Fixed should mean fixed and if it doesn’t, you should be able to leave your contract without penalty. Full stop.

[UPDATE 7 March 2013] – There’s just one week to go before Ofcom closes its consultation into price rises during fixed contracts. Have your say by voting in our poll and watch our new Fixed Means Fixed video:

Comments
Guest
Fishy says:
11 March 2013

I have just spent a week in Dorset, and most of the time had no signal what so ever, any chance of a refund EE?
No I doubt it, this greedy self opinionated company just gets worse, and what a cheek to rename yourself “Everything Everywhere” the coverage is worse than ever, more like Nothing Nowhere”!

Guest
Mostafa says:
3 May 2013

I have been saying nothing nowhere since i heard of them I knew it was going to be a joke letting one company own two networks,
Orange has always been a fantastic network but since they joined force with the shi##%st network in the uk they have gone downhill

Guest

These companies are taking the wee wee. I say vote with your feet and go to another provider, and if your company uses EE, then encourage them to leave! they don’t like loosing big Company accounts.

Guest
Ian says:
11 March 2013

This price increase comes after a long period of frustration with the Orange account management software. I brought my mobile number from another provider ok but orange were completely unable to recognise my number on the ‘Your Orange’ app or web site. It took 6 months to get it fixed! Now this bunch of technology amateurs have the gall to put their prices up.

When my 24 month agreement is up, I’m off.

Guest

I’m confused. Which? launched the Fixed Means Fixed campaign, encouraging us to oppose price rises during the period of a contract, and this achieved a lot of support.

The goal posts seem to have moved now that Which? has published its video asking for support for customers to be allowed to leave their contract without penalty if they are faced with a price rise. This may be the best of the options that Ofcom is currently suggesting, but I think we should carry on fighting for Fixed Means Fixed.

The contracts we are discussing usually provide a ‘free’ phone. What would happen to that phone if it became possible to leave without penalty if there was a price rise?

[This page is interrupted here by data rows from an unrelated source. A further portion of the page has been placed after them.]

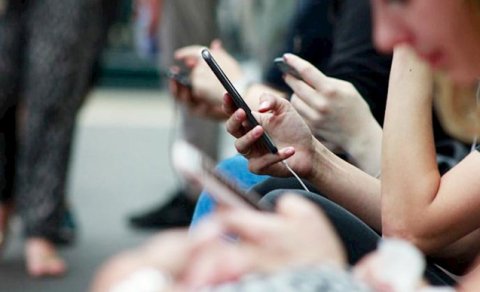 
14 yaşlı qızın videolarını yayan şəxs həbs edildi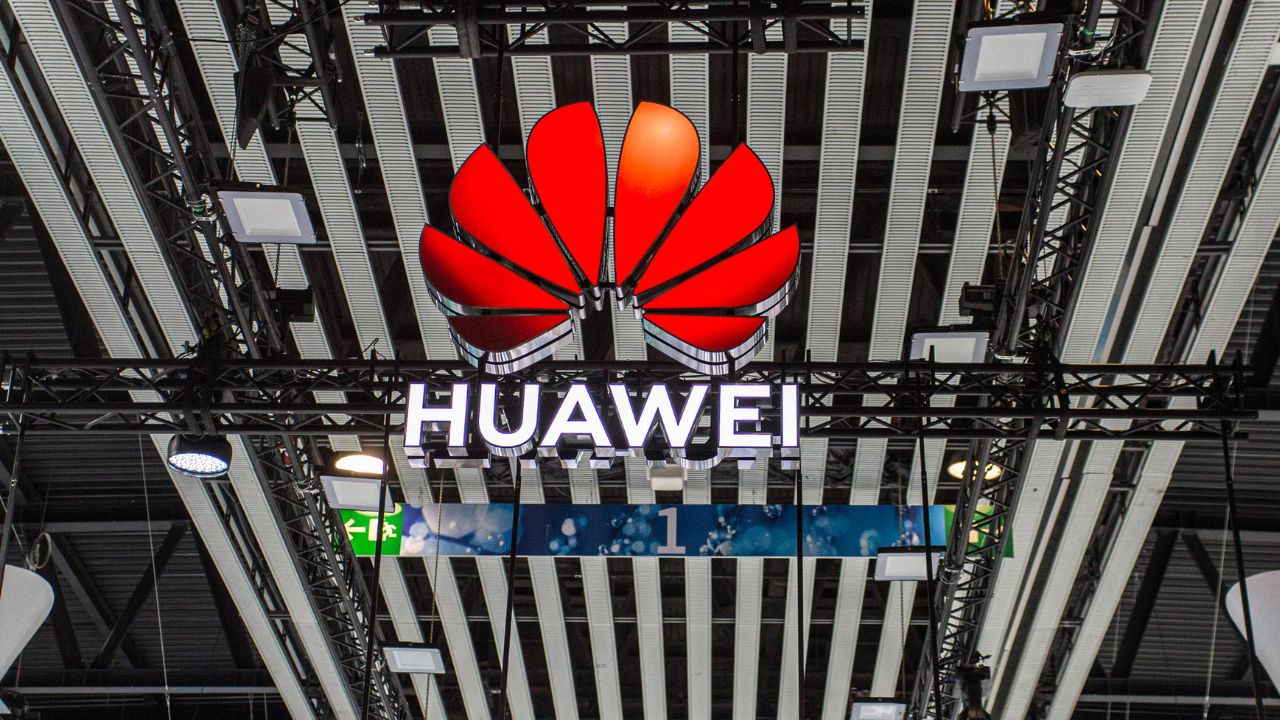 Huawei torna in vetta al mercato smartphone cinese dopo quattro anni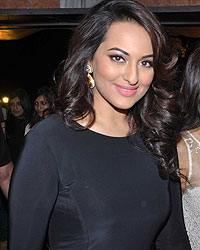 Sonakshi Sinha at Sonakshi Inaugurates Painting Exhibition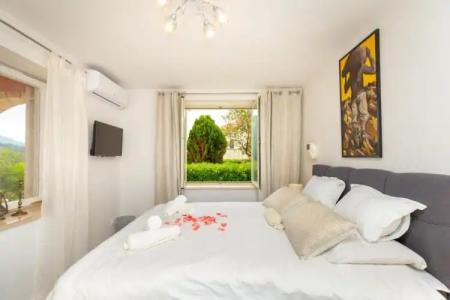 Guest House Steel - 63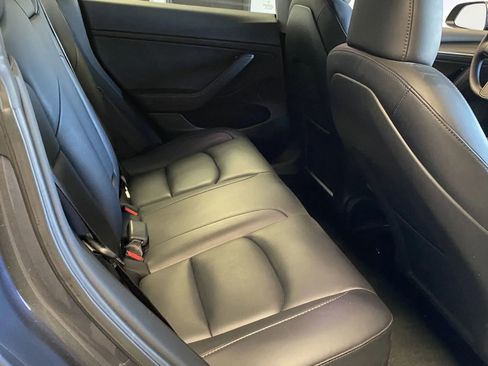 Used 2023 Tesla Model 3 Standard Range image 7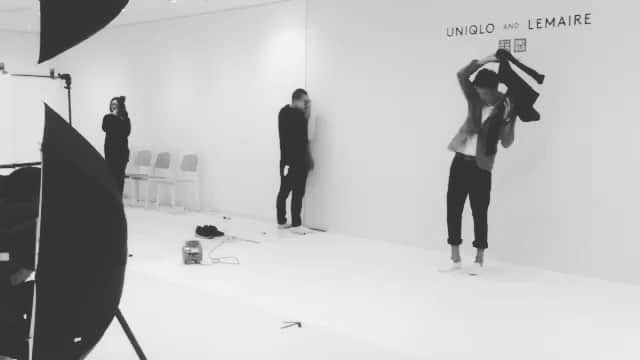 kazuki iwaiのインスタグラム：「娘が生まれる前にUNIQLOのイベント行った時の🎥 今度は娘とも行きたいな🤭💜 . てか動きマジキモ😂 モデル気取りの慣れてない雑魚感MAX👨🏾‍🌾 . #instagood#like4like#l4l#me#men#fashion #followme#uniqlo#ootd#親バカ部#親バカ#パパ#パパリ#銚子#農家」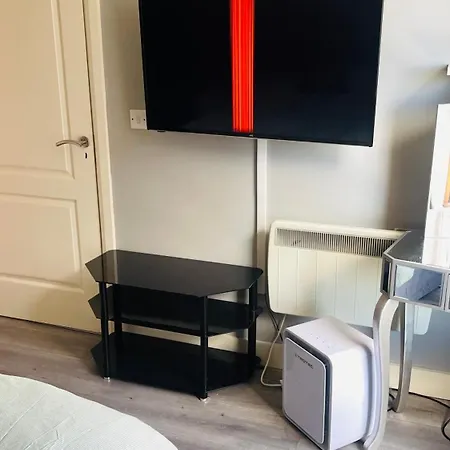 民宿 Entire Spacious 2 Bedroom 2 Bathroom *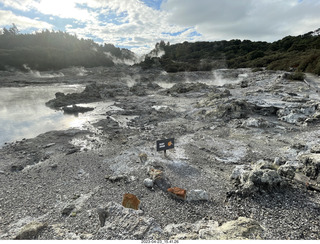 213 a1s. New Zealand - Hell's Gate - mud and thermal walk
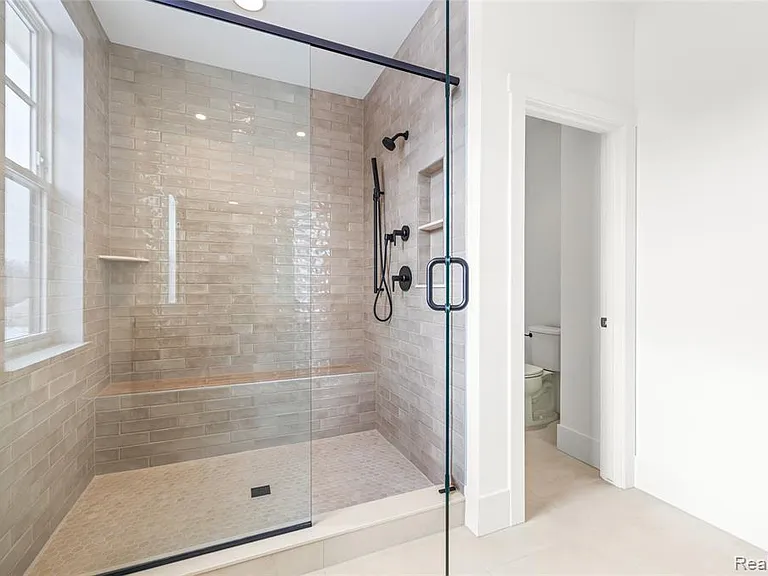 416 S Center St — Photo 16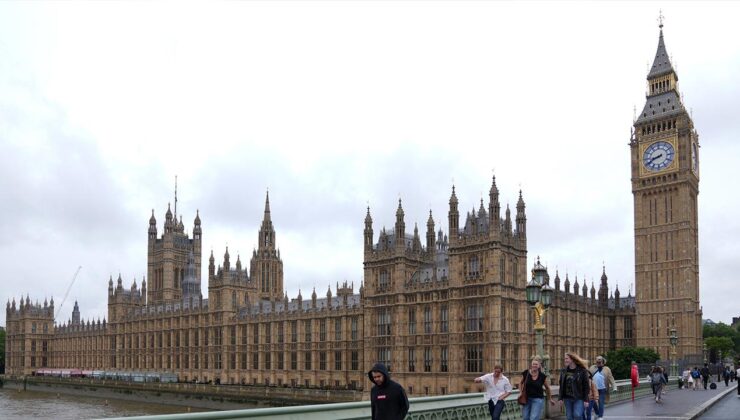 Rapor: İngiltere’de milyonlarca Müslüman, vatandaşlıktan çıkarılma riskiyle karşı karşıya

Please can we go back to Fixed Means Fixed – an excellent simple campaign?

Guest

Hi Wavechange, thanks for the comment.

We’re still very much on the same course – we think fixed should mean fixed. We still think that the price and all other features of a contract (minutes, data etc) should stay fixed from the day it’s agreed until the end of that agreement. If providers don’t want to keep their end of the bargain and prices do change they have basically broken the contract – this means you should be able to legally leave without having to pay an exit penalty. If this is enforced it’s also likely that providers won’t put their prices up as the risk of losing customers will be too large.

Guest

Thanks Patrick. Unless we win the argument, other (non-phone) service providers could introduce clauses that allow them to apply similar price rises during contracts.

Guest
Charles says:
11 March 2013

Who says Dick Turpin is dead. He’s alive and kicking with the stealth increases to bills (on a fixed contract) for Mobile phones.